Copy out exactly the stretch below, from the line with "Poland 50cm Pendant" through the line with "Elegant Black Script", both included; the pictures stay out.

MATERIAL FOR THIS EXERCISE: Begin

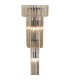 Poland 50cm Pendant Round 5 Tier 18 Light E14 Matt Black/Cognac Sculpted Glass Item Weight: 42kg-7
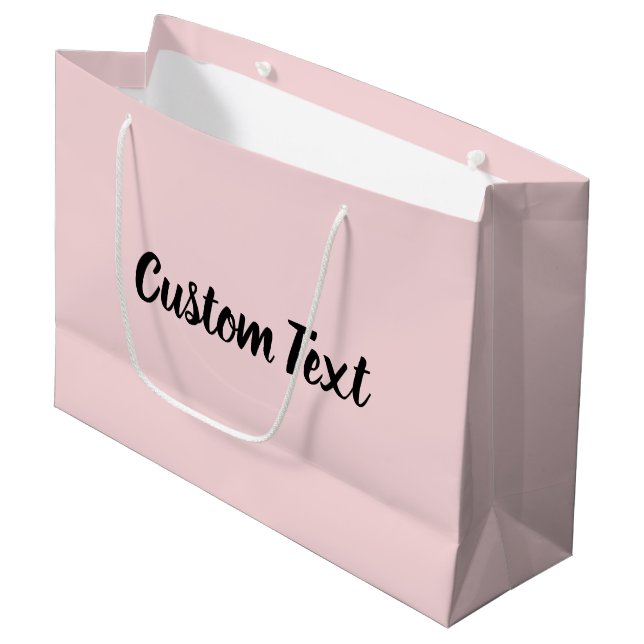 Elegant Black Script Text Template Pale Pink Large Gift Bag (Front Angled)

MATERIAL FOR THIS EXERCISE: End
MATERIAL FOR THIS EXERCISE: Begin

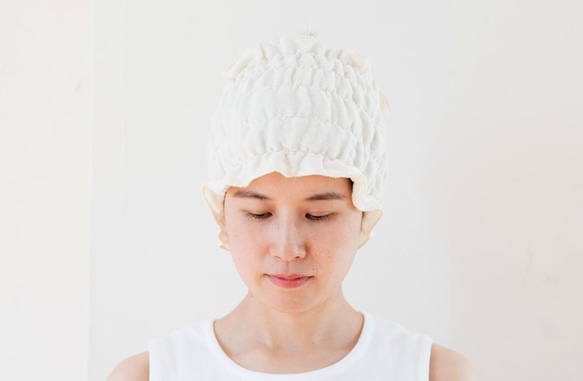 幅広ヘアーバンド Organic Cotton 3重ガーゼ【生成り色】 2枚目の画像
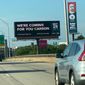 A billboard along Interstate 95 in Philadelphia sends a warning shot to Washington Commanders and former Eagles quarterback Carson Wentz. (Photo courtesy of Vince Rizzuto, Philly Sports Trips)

MATERIAL FOR THIS EXERCISE: End
MATERIAL FOR THIS EXERCISE: Begin

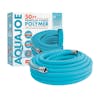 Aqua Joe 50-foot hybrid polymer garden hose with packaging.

MATERIAL FOR THIS EXERCISE: End

SOLVED PROBLEM:
 Poland 50cm Pendant Round 5 Tier 18 Light E14 Matt Black/Cognac Sculpted Glass Item Weight: 42kg-7
 Elegant Black Script Text Template Pale Pink Large Gift Bag (Front Angled)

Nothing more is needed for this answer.